I used to be good at time management and very motivated in my career. Then about two years ago I lost a close friend over a strong disagreement and then lost my job.
Slowly but surely I became a bit depressed and had some physical health issues. I’m seeing a therapist already, and a few months ago I finally managed to get a plebe job at a retailer, but when it comes to doing my personal work that would open doors in my industry I just can’t seem to find the time and motivation to do it.

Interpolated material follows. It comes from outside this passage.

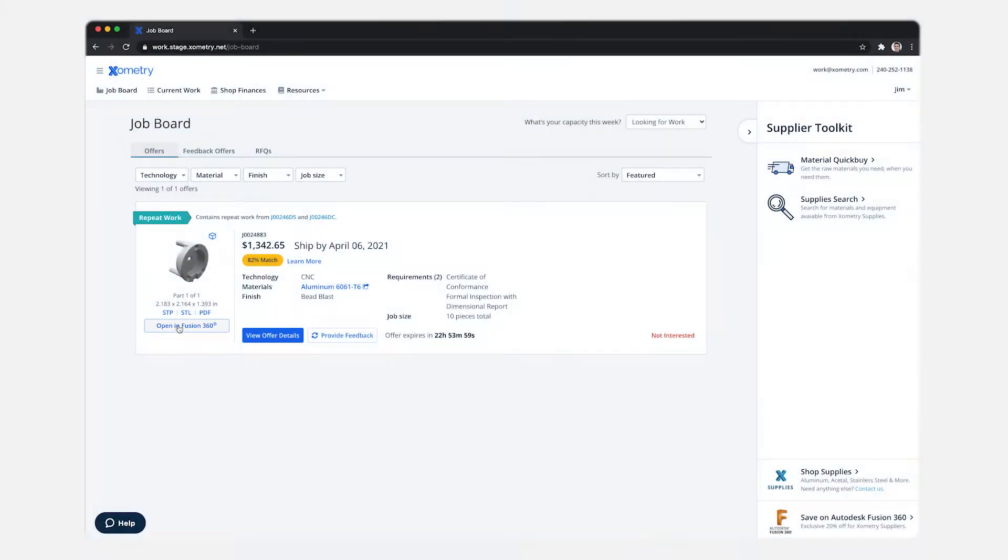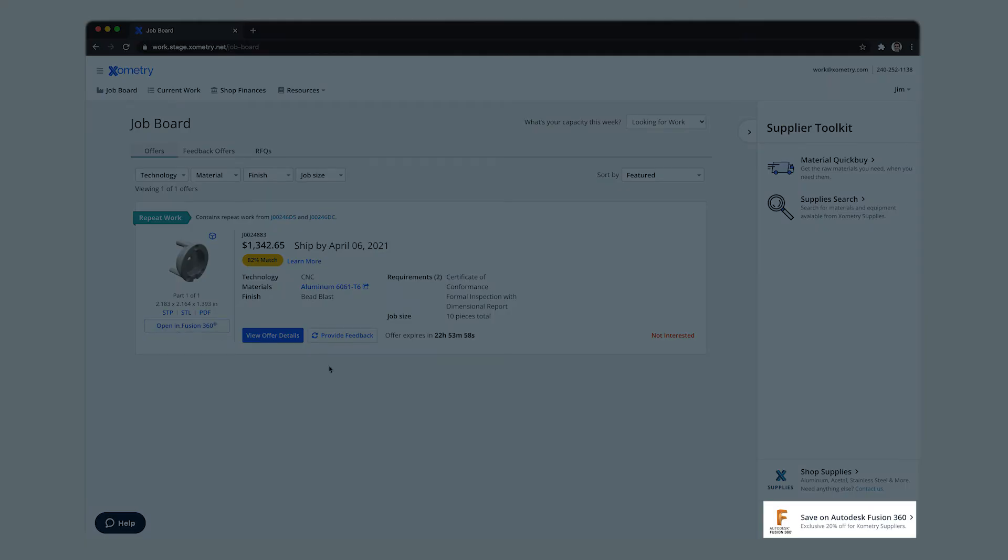On the right we also see the ad banner in the supplier toolkit to go straight to claim that 20% off coupon.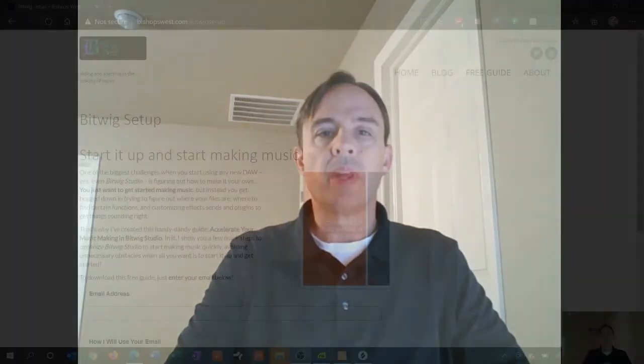Hey guys, Russ here with bishopswest.com. This is the time of year when companies are giving out a lot of free plugins. I don't have any free plugins, but I'm going to do the next best thing and show you how to build an emulation of a plugin that's out there pretty quickly in Bitwig Studio.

Don’t get me wrong. I got plenty of time available, I just find myself being ridiculously avoidant or distracted or tired, you get the idea. And, no, I don’t use social media much, I don’t videogame or binge shows. I just get distracted with house chores or simply overthinking.
I’ve already tried lists, planning and goal setting ( all this comes naturally to me), but it makes no difference.
I’ve tried reducing the expectations and goals, no difference. I still don’t do anything.
I tried apps to keep track of my progress; also useless.
I’ve even considered finding a life coach, but I get the feeling they’re a scam. Unfortunately I don’t have any friends or relatives that can help me stay on track with my goals.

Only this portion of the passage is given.